Cranford, NJ Train Crashes Into Circus Wagon, Apr 1871




At about 6 1/2 o'clock yesterday morning a dreadful calamity occurred on the Central Railroad of New Jersey, at Cranford, N. J., by which three men were killed and three others probably fatally injured. BARNUM'S Circus was on its way from Plainfield, which place it had left at 1 A. M., to Elizabeth, where a performance was to be given yesterday. In passing through Cranford, the road crosses the Central New Jersey Railway track. The grade at this place is very heavy, and trains bound toward New York pass down it an exceedingly rapid rate. Just as the provision caravan of the circus reached the track at this place, the 6 1/2 train from Somerville came rushing down the heavy grade and struck the caravan almost in the centre, dashing it entirely to pieces. The wagon was drawn by four mules, the two at the poles being instantly killed.

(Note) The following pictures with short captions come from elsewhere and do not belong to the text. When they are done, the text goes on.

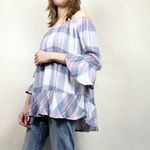 Beach Lunch Lounge Pink & Blue Plaid Off the Shoulder Tunic Blouse Photo 1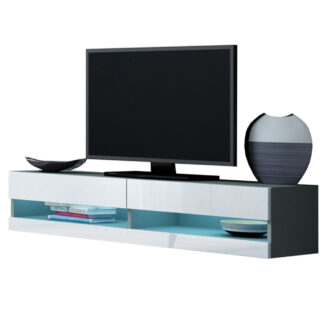 Komoda RTV 140 GOVI NEW GREY B VG12 šedá / bílý lesk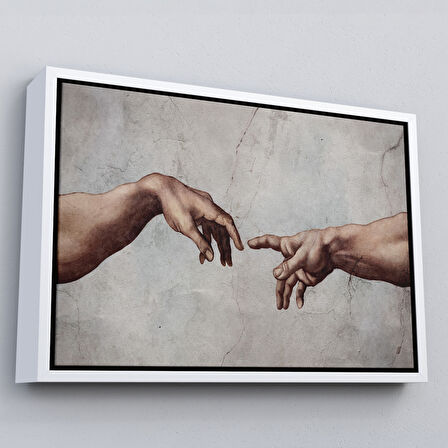 Beyaz Çerçeveli Ademin Yaratılışı Michelangelo Kanvas Tablo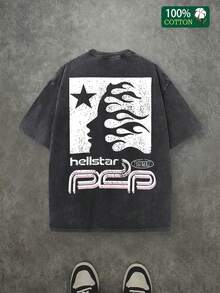 Men's "Hell Star" Washed T-Shirt - Extra Large Flame Star Pattern Street Style - màu đen - Xem 2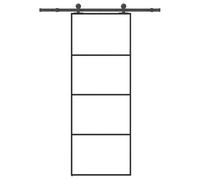 vidaXL Puerta corredera con Set herrajes Vidrio ESG Aluminio 76x205 cm, Puerta corrediza sobre riel, Puerta corrediza Interna, Puerta corrediza Interior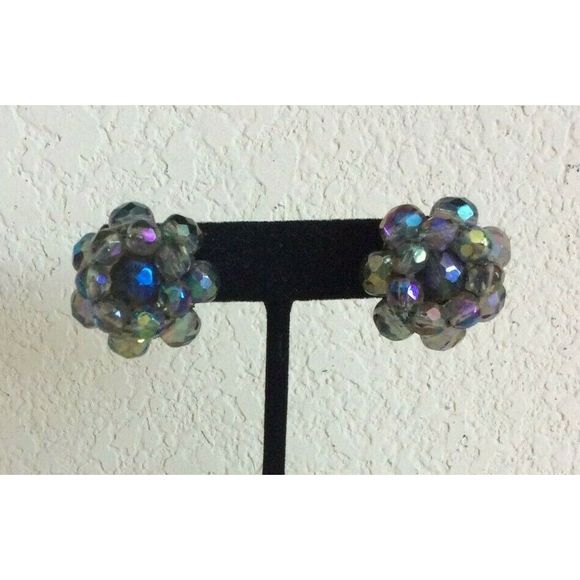 Vogue Silver Faceted Bead Cluster Clip On Earrings - Picture 2 of 6
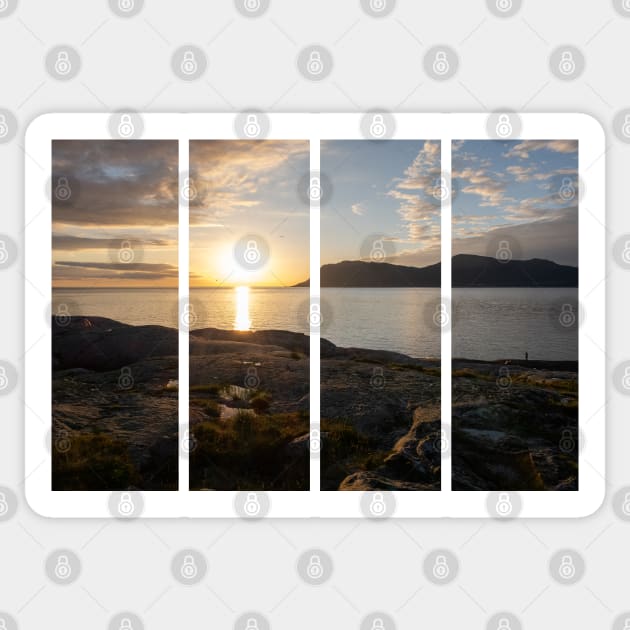 Wonderful landscapes in Norway. Vestland. Beautiful scenery of a sunset on a calm sea in a sunny day with sunrays through the clouds and a fisherman on the shore. Yellow sky and rocks Sticker by fabbroni-art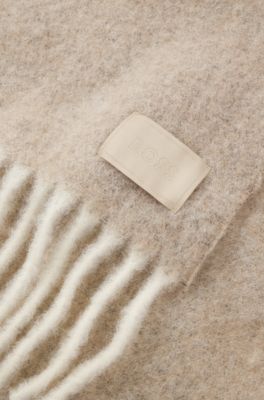 Italian-made fringed scarf with wool and alpaca, White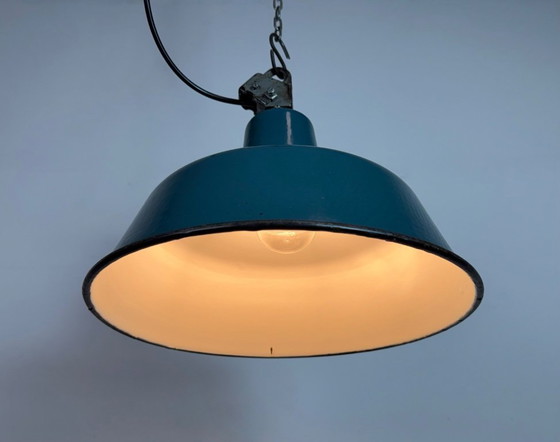 Image 1 of Industrial Petrol Enamel Factory Lamp with Cast Iron Top, 1960s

The following are the names of the killed and injured:
THEODORE CONKLIN, the driver of the wagon, was thrown several feet from the wagon, and fell upon his head. His skull was fractured, and one leg was broken. He died instantly. He was twenty-seven years of age, and resided originally in Delevan, Wis., where his parents now live.
EDWARD DYER, a colored cook, had his neck dislocated, and died instantly. He was sleeping inside the wagon. He was thirty years of age, and lived in Williamsburg.
GEORGE SICKLES, assistant cook, also a resident of Williamsburg, had his skull fractured and his ribs broken. His death resulted soon after the accident occurred.
CHARLES SILL, a resident of No. 112 Thompson street, New York, received severe internal injuries, and was wounded upon the fead and face. During the day he was insensible, and it is thought he will die before morning.
JOHN JOICE, son of JAMES F. JOICE, of Jersey City, and THOMAS WALSH, another lad from Jersey City, were severely hurt, being thrown a considerable distance by the locomotive. WALSH'S shoulder is dislocated and his companion suffers from contusion of the brain. The physicians pronounce them in great danger, but say that there is a possibility of their recovery.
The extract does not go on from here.